Plus âgé, il passe des périodes chez des cultivateurs et chez le boucher. Il était reçu partout, mais personne ne l’adoptait. Les familles étaient nombreuses, parfois jusqu’à près de vingt enfants, et tous en avaient suffisamment assez de leurs propres enfants.

Avec Réal, on pouvait s’attendre à toutes les malchances. Son beau père disait de lui: il est assez maladroit que dans une étable et près d’une vache qui veut faire son tas, si Réal lui présentait une pelle, la vache ferait à côté! Une fois, en pêchant avec Marcel au petit lac de la décharge du Lac-à-la-Truite, au moment où il retire sa ligne pour la lancer à nouveau, un poisson mal accroché s'envole et lui arrache sa pipe qui perd à l'eau. Une autre fois, il s'écarte dans les marécages en haut du Lac-à-la-Truite, malgré les hautes montagnes qui délimitent pourtant bien l'endroit.

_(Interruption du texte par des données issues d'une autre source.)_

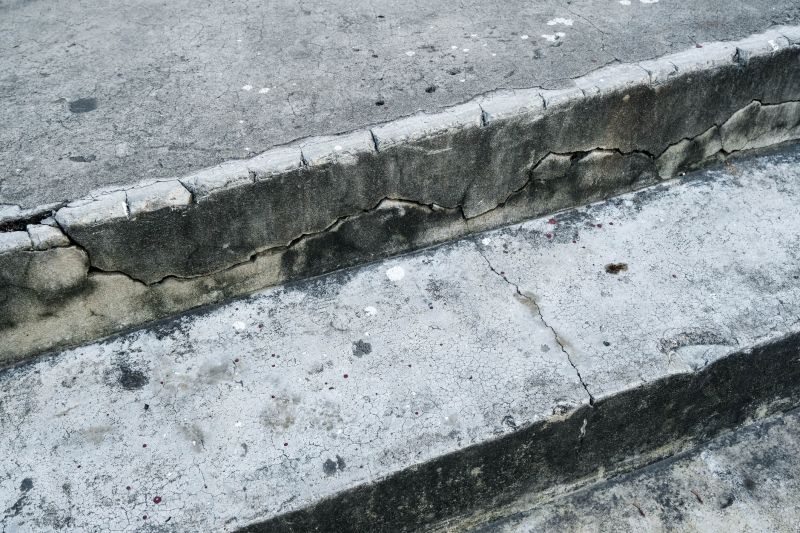 Damaged Concrete Steps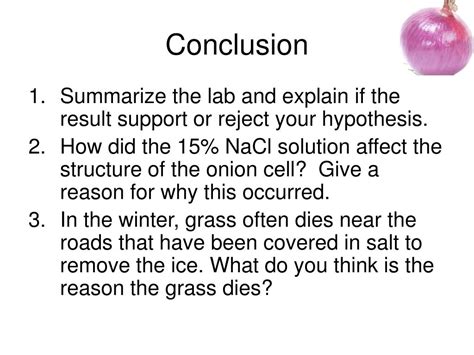 onions conclusion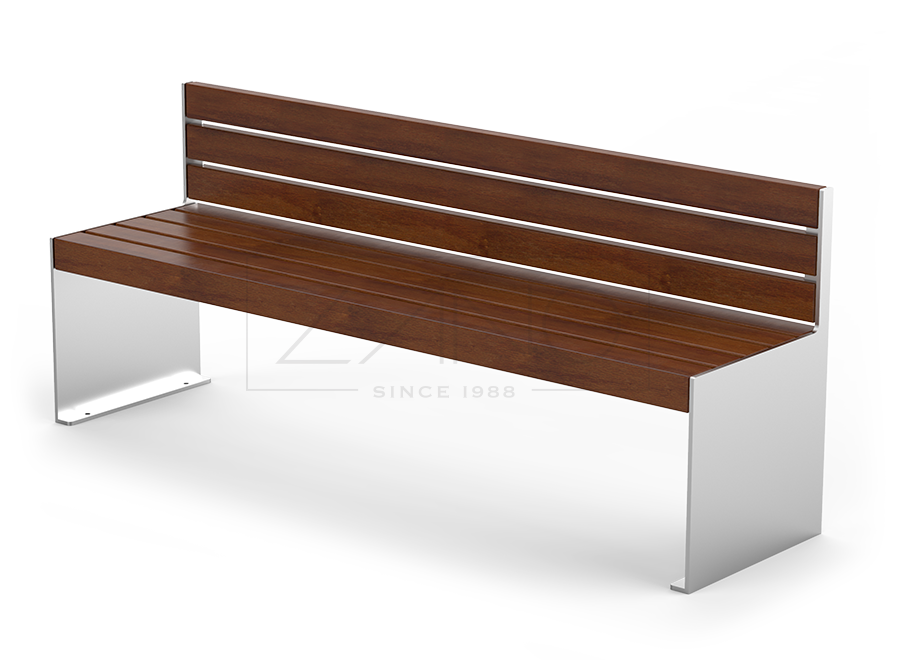 benches with ergonomic construction
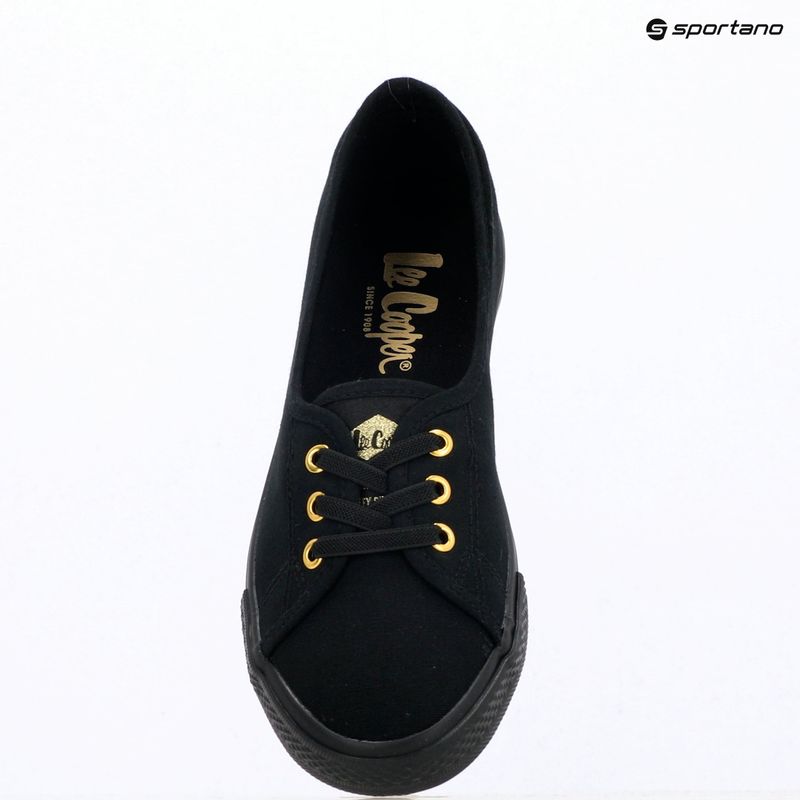 Damen-Sneaker Lee Cooper LCW-26-02-4045LA black/gold 9
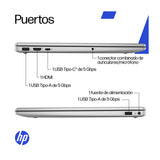 HP Laptop 15.6" FHD, AMD Ryzen 7 7730U, 8GB RAM, 512GB SSD, AMD Radeon, Windows 11 Home | Plateado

Rendu à l’âge de fréquenter les filles, il erra à quelques maisons puis il finit par se fixer chez un cultivateur dont il maria la fille, plus jeune de quelques années. Il eût onze enfants et Marcel fut le parrain de sa première fille. Il vécut quelque temps à Bergeronnes puis alla s’établir comme colon à Sainte-Thérèse de Colombier où il vécût pauvrement.

Durant plusieurs années ensuite, il travaillait comme contremaître dans un chantier coopératif de l’endroit et c’est là qu'il travaillait lorsqu’il fût déclaré perdu en forêt. Sainte-Thérèse est une petite localité et la forêt peu étendue. Toutes les recherches furent vaines et lorsqu'enfin on fit chanter son service, le cercueil était vide. Pauvre Réal, c’est le cas de le dire qu’il n’était pas né sous une bonne étoile, tellement malchanceux dans la vie qu'il n’était même pas à son propre service!

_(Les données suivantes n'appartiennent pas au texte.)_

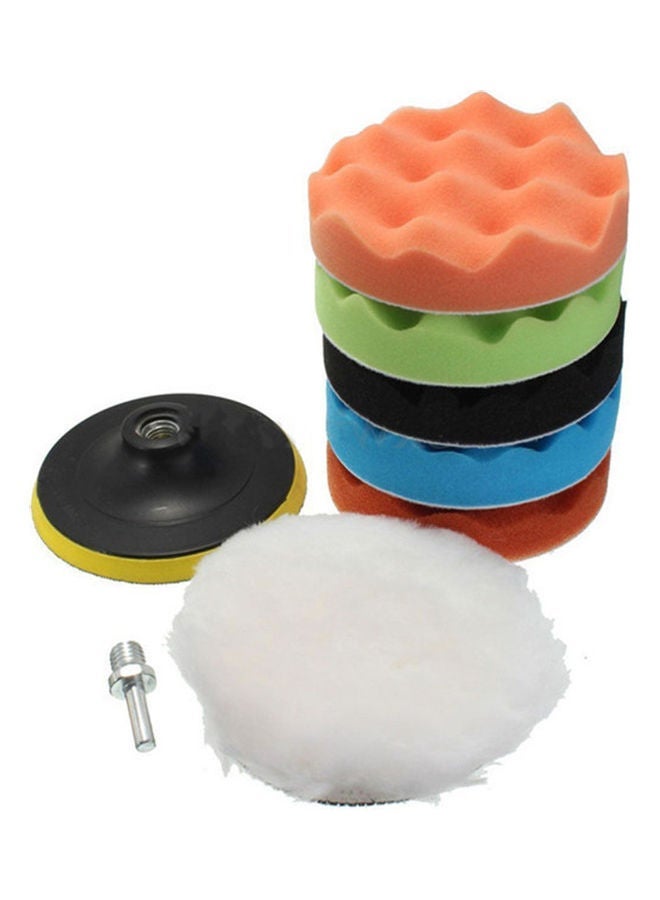 NIBEMINENT 8 Pieces Car Polishing Pads Multicolour 15x10x15cm - Image 1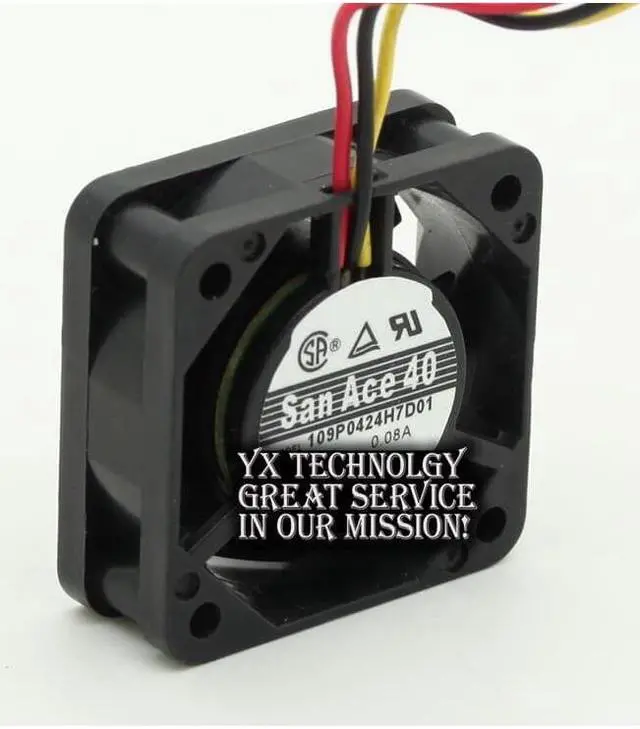 Alt view image 2 of 6 - The new  109P0424H7D01 24V 0.08A 4015 4CM inverter fan for  40*40*15mm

Même après plusieurs années, son corps n’a jamais été retrouvé et sa mort est demeurée mystérieuse.  Un commerçant de l’endroit prétendait qu’en faisant du trappage, des braconniers avaient  installé un piège à ours qui était comme un arc dans un arbre. Quand la bête se prend, elle est attirée vers le haut et s’étouffait. Réal se serait pris dans le piège et pour ne pas se faire prendre, les braconniers l’auraient fait disparaître dans un lac avec une roche.

Moins de deux années après, sa veuve périt, noyée au bord d’un petit cours d’eau dans un accident avec un de ses petits qu’elle avait emmené en promenade d'agrément.